Having strengthened its fleet in 2018, Foundation Piling continues to win high-value projects across the UK, thanks to the versatility of its proposition and commitment to providing tangible added value to client projects
Wise investment in developing its fleet has arguably been the principal reason behind Foundation Piling’s steady growth in recent years. Exactly a year ago – when one of UK’s largest independent specialist piling and geotechnical engineering contractors last appeared in our magazine – the company had just taken delivery of a new Soilmec SR95 rig. Having proven its value over the course of 2018, a second rig was ordered and delivered in January of this year. Each machine is paired with a self-propelled track mounted Soilmec SKR 110 cubic metre per hour pump.
“These machines are a great addition to our fleet,” said Mark Keaveny, Chairman of Foundation Piling. “We prefer dual capability machines as offered by Soilmec in their SR range, and with a dig depth of 79 metres in rotary and 34.5 metres in CFA, these rigs place us at the top end of the UK market. In addition to their conventional CFA and rotary capacity, the SR95’s can also construct CAP (Cased Auger Piles) to a depth of 32 metres with a maximum diameter of 1200 millimetres, although not currently popular in the UK this system comes into its own where Secant piled walls need to be constructed to tight tolerances.
“With the addition of the two SR95’s to our fleet we now have capacity to undertake larger contracts with shorter duration programmes. Current city centre developments require deep basements to maximise return on the high land cost and we expect this trend to continue,” Mark explains. “As piles and piled get bigger and deeper we are anxious to ensure we are able to respond to the requirements of our clients and their designers.”

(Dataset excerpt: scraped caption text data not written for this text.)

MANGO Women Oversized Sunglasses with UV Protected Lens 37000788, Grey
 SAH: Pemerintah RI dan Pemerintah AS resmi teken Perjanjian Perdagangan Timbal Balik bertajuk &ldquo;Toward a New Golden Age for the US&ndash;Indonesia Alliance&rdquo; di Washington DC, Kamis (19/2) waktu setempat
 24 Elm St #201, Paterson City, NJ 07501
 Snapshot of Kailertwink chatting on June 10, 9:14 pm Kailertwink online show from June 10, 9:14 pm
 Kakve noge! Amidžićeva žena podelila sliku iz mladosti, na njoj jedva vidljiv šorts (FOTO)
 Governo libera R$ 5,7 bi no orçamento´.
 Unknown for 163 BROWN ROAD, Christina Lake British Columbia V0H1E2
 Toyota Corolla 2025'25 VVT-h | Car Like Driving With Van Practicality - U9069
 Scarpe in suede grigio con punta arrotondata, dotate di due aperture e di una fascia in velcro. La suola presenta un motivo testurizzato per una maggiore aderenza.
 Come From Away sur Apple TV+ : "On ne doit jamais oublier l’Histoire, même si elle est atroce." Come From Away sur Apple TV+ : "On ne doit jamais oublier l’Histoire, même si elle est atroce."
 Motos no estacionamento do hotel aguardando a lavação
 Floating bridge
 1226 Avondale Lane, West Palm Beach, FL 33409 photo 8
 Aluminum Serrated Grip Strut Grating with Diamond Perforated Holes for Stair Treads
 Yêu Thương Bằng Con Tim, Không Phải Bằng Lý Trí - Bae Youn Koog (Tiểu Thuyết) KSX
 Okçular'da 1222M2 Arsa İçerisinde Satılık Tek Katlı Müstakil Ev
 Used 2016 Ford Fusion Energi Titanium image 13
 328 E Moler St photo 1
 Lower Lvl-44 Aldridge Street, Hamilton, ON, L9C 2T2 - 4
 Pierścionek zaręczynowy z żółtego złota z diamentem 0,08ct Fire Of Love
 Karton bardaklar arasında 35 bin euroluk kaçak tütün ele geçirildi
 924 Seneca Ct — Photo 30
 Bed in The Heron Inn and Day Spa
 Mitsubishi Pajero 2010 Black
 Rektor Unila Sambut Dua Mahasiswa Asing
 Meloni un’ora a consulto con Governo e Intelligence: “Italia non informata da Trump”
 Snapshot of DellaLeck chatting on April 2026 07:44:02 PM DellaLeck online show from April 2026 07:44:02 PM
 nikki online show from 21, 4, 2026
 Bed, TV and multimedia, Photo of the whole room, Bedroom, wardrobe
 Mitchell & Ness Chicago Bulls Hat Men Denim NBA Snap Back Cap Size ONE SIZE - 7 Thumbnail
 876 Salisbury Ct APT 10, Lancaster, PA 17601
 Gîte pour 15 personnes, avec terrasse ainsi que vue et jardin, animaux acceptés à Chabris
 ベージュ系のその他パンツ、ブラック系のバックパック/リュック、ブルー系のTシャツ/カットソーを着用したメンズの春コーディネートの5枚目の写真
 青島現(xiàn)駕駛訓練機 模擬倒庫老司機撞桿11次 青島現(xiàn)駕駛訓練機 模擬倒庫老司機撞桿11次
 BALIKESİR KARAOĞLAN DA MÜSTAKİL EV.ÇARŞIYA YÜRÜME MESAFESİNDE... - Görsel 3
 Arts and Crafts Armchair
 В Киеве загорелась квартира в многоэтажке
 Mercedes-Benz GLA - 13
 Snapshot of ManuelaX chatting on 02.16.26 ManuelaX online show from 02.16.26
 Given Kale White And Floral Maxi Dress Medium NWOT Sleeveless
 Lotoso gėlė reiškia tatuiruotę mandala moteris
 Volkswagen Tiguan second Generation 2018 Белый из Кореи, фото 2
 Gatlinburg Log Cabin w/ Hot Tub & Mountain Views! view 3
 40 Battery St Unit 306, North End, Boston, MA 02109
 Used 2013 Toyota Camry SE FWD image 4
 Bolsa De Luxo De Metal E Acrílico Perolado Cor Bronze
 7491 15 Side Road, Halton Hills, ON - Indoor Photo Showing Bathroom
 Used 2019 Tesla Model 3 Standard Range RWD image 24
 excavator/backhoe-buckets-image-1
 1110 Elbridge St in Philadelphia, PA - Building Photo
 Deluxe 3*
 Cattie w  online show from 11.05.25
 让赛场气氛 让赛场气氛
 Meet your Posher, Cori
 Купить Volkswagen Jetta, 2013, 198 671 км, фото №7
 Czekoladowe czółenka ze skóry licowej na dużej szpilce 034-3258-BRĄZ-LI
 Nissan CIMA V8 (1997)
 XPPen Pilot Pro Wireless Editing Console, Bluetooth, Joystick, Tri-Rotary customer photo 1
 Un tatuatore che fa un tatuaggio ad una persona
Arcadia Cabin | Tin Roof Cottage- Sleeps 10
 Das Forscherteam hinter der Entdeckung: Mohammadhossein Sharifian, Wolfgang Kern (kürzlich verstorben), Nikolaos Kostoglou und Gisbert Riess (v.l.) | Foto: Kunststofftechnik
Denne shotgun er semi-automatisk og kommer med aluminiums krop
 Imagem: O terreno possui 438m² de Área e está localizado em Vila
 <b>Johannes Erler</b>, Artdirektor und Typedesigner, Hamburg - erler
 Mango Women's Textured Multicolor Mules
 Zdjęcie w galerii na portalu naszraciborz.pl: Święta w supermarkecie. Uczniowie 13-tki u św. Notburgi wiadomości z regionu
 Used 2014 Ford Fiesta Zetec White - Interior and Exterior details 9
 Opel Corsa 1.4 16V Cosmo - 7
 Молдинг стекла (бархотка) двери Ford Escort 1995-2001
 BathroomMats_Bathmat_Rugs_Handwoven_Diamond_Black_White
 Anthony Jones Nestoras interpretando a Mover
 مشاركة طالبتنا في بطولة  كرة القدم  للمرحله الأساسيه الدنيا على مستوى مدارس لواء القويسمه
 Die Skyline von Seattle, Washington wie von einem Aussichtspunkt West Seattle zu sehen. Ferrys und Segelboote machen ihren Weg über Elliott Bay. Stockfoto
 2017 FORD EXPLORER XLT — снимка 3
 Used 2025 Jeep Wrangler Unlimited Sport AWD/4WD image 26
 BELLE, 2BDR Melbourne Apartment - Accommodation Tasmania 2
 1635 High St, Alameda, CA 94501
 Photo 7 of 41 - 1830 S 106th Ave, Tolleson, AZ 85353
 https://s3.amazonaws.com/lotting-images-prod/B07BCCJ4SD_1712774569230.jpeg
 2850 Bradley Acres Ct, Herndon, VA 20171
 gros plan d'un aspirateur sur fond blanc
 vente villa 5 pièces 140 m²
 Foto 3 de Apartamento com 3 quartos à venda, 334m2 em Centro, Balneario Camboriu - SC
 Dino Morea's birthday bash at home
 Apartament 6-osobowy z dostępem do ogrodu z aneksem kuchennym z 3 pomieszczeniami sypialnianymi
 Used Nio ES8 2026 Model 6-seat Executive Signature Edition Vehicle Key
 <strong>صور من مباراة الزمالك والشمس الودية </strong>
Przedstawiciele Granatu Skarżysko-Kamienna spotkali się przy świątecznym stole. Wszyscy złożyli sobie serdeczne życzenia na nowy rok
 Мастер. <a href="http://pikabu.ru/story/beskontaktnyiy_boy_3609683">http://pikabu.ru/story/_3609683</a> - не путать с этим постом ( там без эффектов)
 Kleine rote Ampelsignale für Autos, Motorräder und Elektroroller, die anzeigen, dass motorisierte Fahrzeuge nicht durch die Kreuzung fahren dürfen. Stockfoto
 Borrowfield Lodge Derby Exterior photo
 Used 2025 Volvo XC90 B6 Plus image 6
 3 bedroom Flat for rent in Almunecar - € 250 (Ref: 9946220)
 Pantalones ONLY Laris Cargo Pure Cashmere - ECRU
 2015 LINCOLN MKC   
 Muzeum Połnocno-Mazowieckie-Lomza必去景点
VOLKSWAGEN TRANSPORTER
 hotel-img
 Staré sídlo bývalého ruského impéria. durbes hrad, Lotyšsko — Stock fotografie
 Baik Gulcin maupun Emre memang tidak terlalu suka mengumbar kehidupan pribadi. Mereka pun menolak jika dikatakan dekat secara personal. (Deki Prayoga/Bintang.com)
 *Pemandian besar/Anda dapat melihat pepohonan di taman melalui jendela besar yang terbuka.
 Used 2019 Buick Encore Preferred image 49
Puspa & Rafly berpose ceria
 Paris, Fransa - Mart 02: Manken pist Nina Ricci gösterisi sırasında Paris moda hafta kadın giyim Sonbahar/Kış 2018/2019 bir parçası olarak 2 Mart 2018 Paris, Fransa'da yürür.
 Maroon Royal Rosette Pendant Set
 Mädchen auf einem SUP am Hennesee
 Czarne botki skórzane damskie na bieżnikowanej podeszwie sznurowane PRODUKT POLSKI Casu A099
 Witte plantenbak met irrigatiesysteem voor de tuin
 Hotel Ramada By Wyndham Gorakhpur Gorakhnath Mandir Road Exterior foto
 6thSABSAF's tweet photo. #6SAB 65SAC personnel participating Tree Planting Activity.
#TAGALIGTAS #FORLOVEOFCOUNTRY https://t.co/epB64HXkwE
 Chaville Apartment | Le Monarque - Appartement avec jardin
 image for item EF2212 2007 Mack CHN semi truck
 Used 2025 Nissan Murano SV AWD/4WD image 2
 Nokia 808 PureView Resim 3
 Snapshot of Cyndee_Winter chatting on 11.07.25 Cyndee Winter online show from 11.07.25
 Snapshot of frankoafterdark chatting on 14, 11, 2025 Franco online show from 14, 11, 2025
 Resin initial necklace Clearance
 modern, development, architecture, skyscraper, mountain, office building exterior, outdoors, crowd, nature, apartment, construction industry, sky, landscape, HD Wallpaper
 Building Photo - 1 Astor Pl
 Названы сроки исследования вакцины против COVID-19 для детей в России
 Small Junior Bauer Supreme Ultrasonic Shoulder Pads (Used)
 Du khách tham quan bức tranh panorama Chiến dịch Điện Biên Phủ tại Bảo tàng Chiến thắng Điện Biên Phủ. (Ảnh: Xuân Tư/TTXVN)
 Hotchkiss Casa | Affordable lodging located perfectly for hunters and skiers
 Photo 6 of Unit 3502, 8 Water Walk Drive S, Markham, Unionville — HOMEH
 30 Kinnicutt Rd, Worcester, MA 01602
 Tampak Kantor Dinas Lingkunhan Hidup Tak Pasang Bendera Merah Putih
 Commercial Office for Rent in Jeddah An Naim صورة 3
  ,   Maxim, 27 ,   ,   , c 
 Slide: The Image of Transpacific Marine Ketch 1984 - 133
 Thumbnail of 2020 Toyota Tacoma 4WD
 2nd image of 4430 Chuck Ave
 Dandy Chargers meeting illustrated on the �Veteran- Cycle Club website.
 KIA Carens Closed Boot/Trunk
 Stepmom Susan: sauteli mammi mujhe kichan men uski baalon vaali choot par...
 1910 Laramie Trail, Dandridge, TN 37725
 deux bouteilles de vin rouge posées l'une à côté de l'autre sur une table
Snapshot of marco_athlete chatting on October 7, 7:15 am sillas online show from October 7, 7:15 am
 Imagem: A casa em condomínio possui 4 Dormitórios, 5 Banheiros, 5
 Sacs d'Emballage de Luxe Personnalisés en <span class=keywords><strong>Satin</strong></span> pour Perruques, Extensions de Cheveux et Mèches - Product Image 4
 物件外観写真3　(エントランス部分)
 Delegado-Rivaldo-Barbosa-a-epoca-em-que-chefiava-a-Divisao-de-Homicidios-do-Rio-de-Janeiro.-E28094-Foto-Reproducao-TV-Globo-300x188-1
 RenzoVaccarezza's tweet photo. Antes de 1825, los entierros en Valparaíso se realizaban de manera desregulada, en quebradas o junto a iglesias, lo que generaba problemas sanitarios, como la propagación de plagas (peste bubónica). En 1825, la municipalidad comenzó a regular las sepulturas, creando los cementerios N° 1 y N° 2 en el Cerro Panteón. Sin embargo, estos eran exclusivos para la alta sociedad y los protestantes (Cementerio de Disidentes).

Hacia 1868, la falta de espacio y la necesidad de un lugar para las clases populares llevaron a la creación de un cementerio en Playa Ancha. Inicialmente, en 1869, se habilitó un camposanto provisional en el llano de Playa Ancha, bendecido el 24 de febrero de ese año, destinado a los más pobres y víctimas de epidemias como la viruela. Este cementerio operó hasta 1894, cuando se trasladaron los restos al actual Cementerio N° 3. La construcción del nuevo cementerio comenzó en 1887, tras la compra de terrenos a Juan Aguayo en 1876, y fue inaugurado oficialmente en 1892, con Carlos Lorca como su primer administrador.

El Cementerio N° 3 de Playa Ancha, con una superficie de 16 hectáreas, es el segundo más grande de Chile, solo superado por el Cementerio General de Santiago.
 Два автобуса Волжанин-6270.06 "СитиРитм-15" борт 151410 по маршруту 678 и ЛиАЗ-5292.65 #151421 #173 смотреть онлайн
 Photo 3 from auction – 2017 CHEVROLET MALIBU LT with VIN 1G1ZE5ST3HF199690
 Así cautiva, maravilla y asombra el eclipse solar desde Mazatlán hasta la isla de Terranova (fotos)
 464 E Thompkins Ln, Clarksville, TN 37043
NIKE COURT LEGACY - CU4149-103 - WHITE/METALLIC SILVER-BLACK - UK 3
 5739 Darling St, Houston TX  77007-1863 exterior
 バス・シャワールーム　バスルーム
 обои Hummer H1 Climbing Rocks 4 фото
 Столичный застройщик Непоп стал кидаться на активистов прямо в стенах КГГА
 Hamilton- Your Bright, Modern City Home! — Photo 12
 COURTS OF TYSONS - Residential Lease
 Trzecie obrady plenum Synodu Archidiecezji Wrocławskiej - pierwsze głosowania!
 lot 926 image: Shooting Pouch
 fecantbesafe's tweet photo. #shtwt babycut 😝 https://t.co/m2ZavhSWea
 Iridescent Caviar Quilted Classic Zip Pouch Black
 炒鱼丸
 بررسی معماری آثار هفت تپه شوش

Together with the new rigs, Foundation Piling has also invested in three new track mounted combination pump and agitator units which are increasingly popular with clients. “CFA piling requires a constant supply of concrete,” Mark continues. “Traditionally, this would require skid mounted agitators and static concrete pumps with long pump lines between pumps and rigs, and the consequent possibility of damage to the pump lines by other site operations. Relocation of the equipment as works progress would also lead to unnecessary interruption of the piling works. Combining the agitator and concrete pump on one self-propelled unit allows us to travel the piling rig and concreting equipment as a single compact unit thus reducing Main Contractor attendance and also reducing the risk of damage to high pressure concrete lines by other heavy equipment operating on site. We are well aware of our clients’ requirement to continue other operations alongside our own and see the use of these machines as adding value to our own offering, and contributing to completion of works within what is often a demanding programme. The risk of damage to pump lines is reduced by up to 90 per cent, thus reducing down time and risk of injury to site operatives.”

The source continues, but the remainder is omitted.